**Data section:**
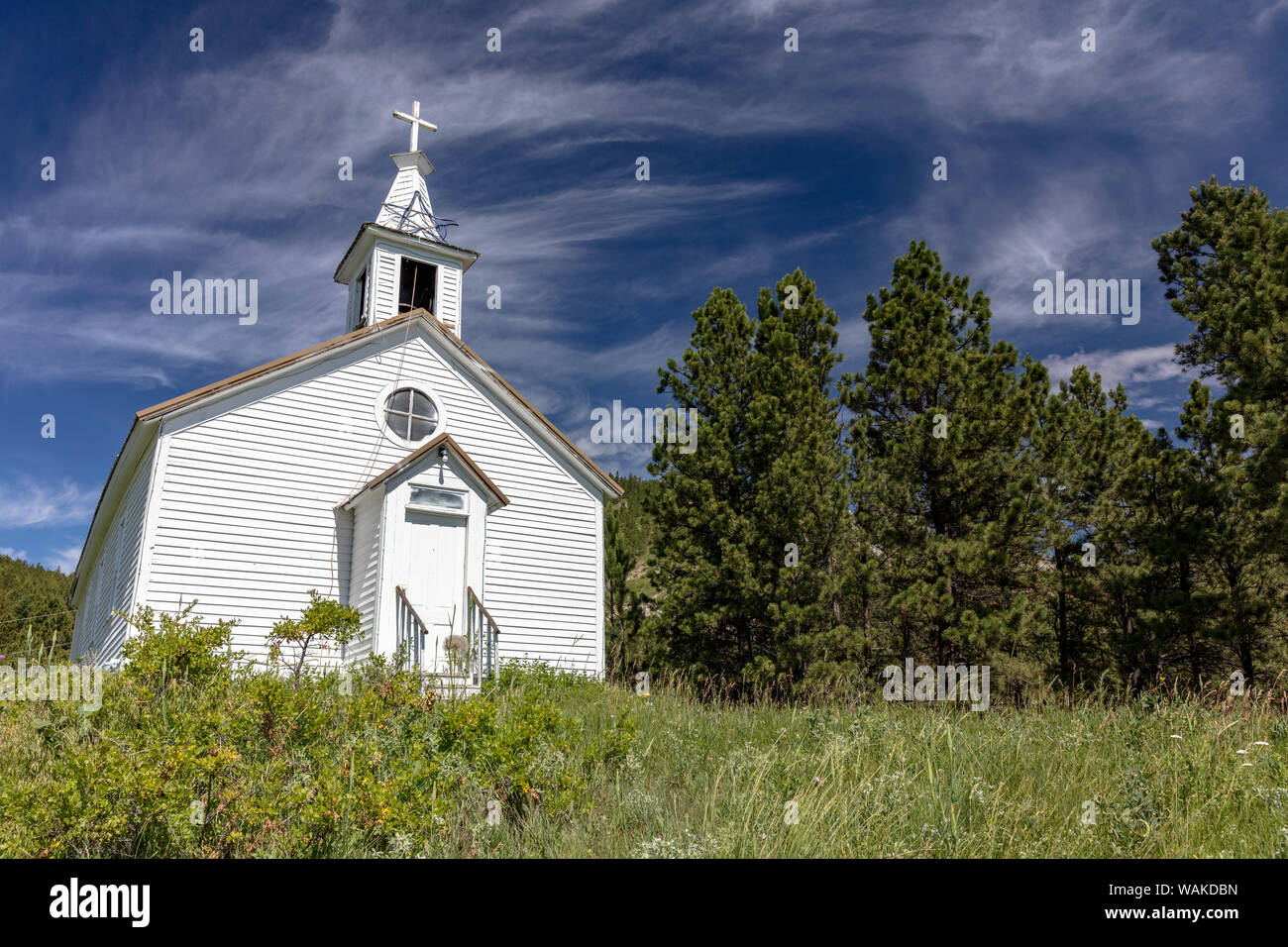 Historic St. Josephs Catholic church in Portman, Montana, USA Stock Photo Alamy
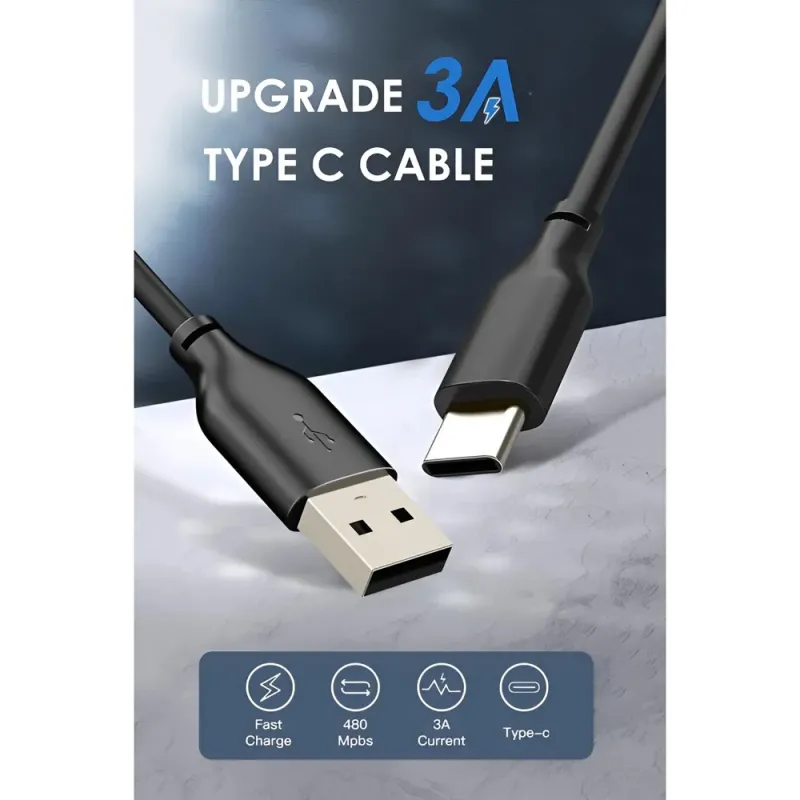 Καλώδιο USB-C σε USB 3A Φόρτισης 480Mbps 1m Μπλε CABLETIME CT-CMAMN1
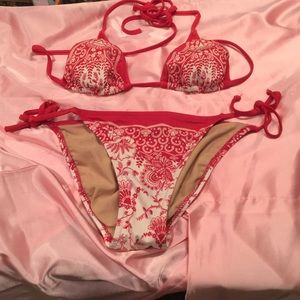 LN J CREW RED BIKINI 🔥☀️👙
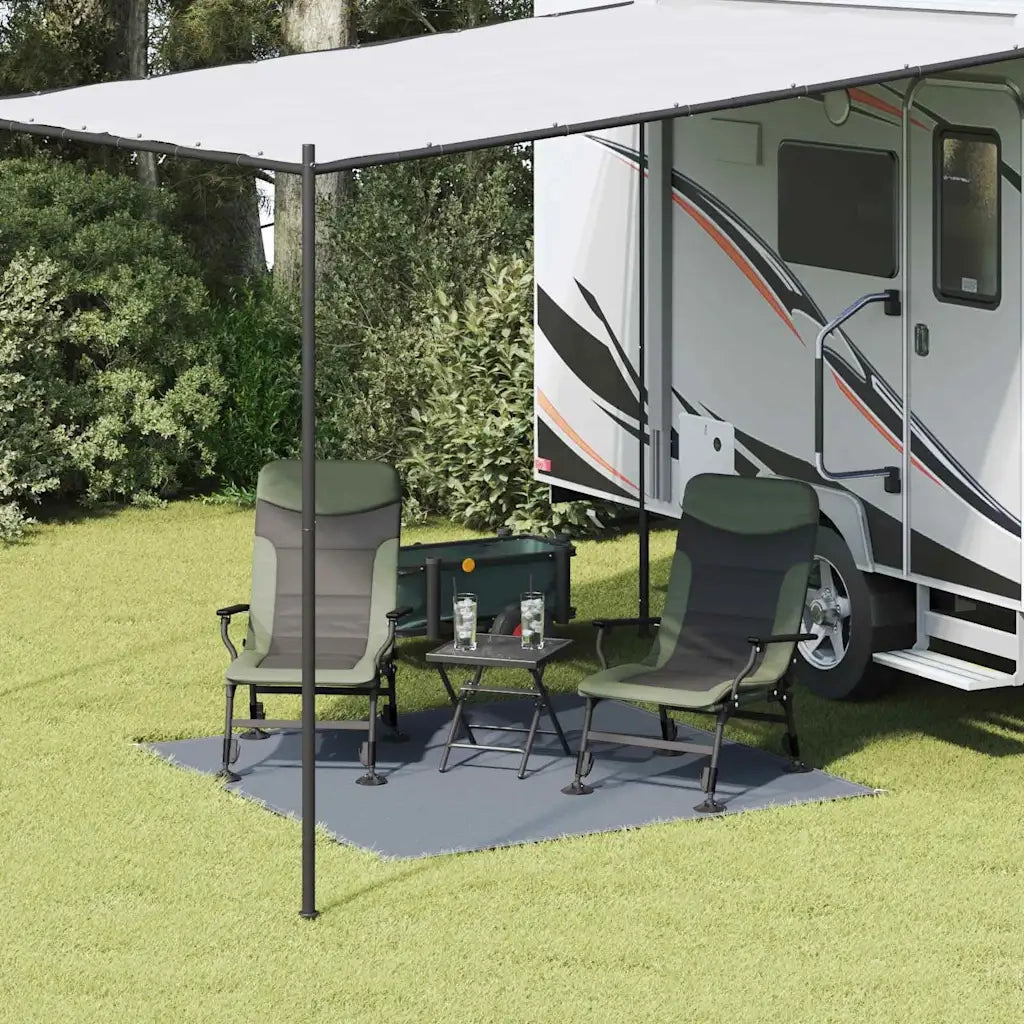 Tappeto da Tenda | Tappeto da campeggio Blu e Grigio 200 x 200 cm Polietilene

**About this task:**
Repeat the material verbatim but without any of its pictures.

**Reply to the exercise:**
 Historic St. Josephs Catholic church in Portman, Montana, USA Stock Photo Alamy
 Καλώδιο USB-C σε USB 3A Φόρτισης 480Mbps 1m Μπλε CABLETIME CT-CMAMN1
 LN J CREW RED BIKINI 🔥☀️👙
 Tappeto da Tenda | Tappeto da campeggio Blu e Grigio 200 x 200 cm Polietilene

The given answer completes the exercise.